Although several drugs and other interventions have been used to prevent or inhibit preterm labor, none has been shown to be completely effective. The American College of Obstetricians and Gynecologists (2012a) has concluded that tocolytic agents do not markedly prolong gestation but may delay delivery in some women for up to 48 hours. This may allow transport to a regional obstetrical center and permit time for corticosteroid therapy. Beta-adrenergic agonists, calcium-channel blockers, or indomethacin are the recommended tocolytic agents for such short-term use—up to 48 hours. In contrast, the College has concluded that “Maintenance therapy with tocolytics is ineffective for preventing preterm birth and improving neonatal outcome and is not recommended for this purpose.” Moreover, the College recommends that women with preterm contractions without cervical change, especially those with cervical dilation of less than 2 cm, generally should not be treated with tocolytics.

β-Adrenergic Receptor Agonists

Several compounds react with β-adrenergic receptors to reduce intracellular ionized calcium levels and prevent activation of myometrial contractile proteins (Chap. 21p. 421). In the United States, ritodrine and terbutaline have been used in obstetrics, but only ritodrine had been approved for preterm labor by the FDA.

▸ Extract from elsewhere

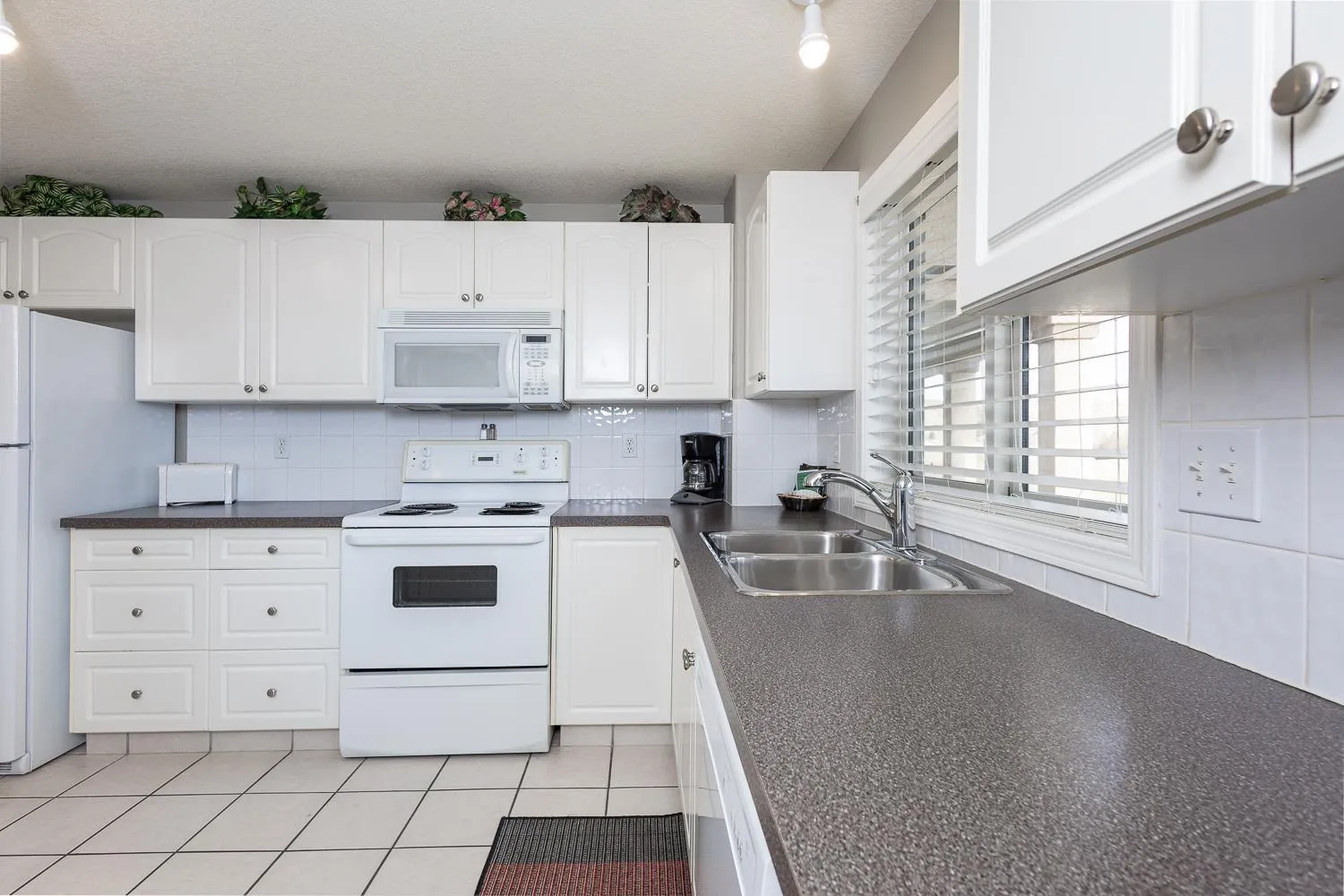 Property building in Paradise Canyon Golf Resort - Signature Walkout Condo 380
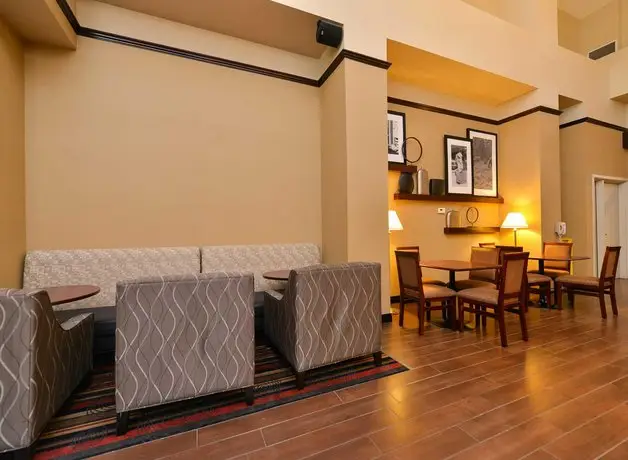 Hampton Inn & Suites by Hilton Edmonton International Airport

Ritodrine. According to the Federal Register, ritodrine was voluntarily withdrawn from the United States market in 2003. A discussion is included here because knowledge concerning β-mimetic drugs accrued with its use. In an early multicenter trial, neonates whose mothers were treated with ritodrine for threatened preterm labor had lower rates of preterm birth, death, and respiratory distress (Merkatz, 1980). In a randomized trial at Parkland Hospital, Leveno and associates (1986) found that intravenous drug treatment delayed delivery for 24 hours but without other benefits. Additional studies of parenteral β-agonists confirmed a delivery delay up to 48 hours (Canadian Preterm Labor Investigators Group, 1992).

Unfortunately, this delay in preterm delivery provided no fetal benefits. Macones and colleagues (1995) used metaanalysis to assess the efficacy of oral β-agonist therapy and found no benefits. Keirse (1995b) suggested that this brief delay may aid maternal transport to tertiary care or permit fetal lung maturation with corticosteroids. Although this intuitive reasoning is logical, there are no data to support this.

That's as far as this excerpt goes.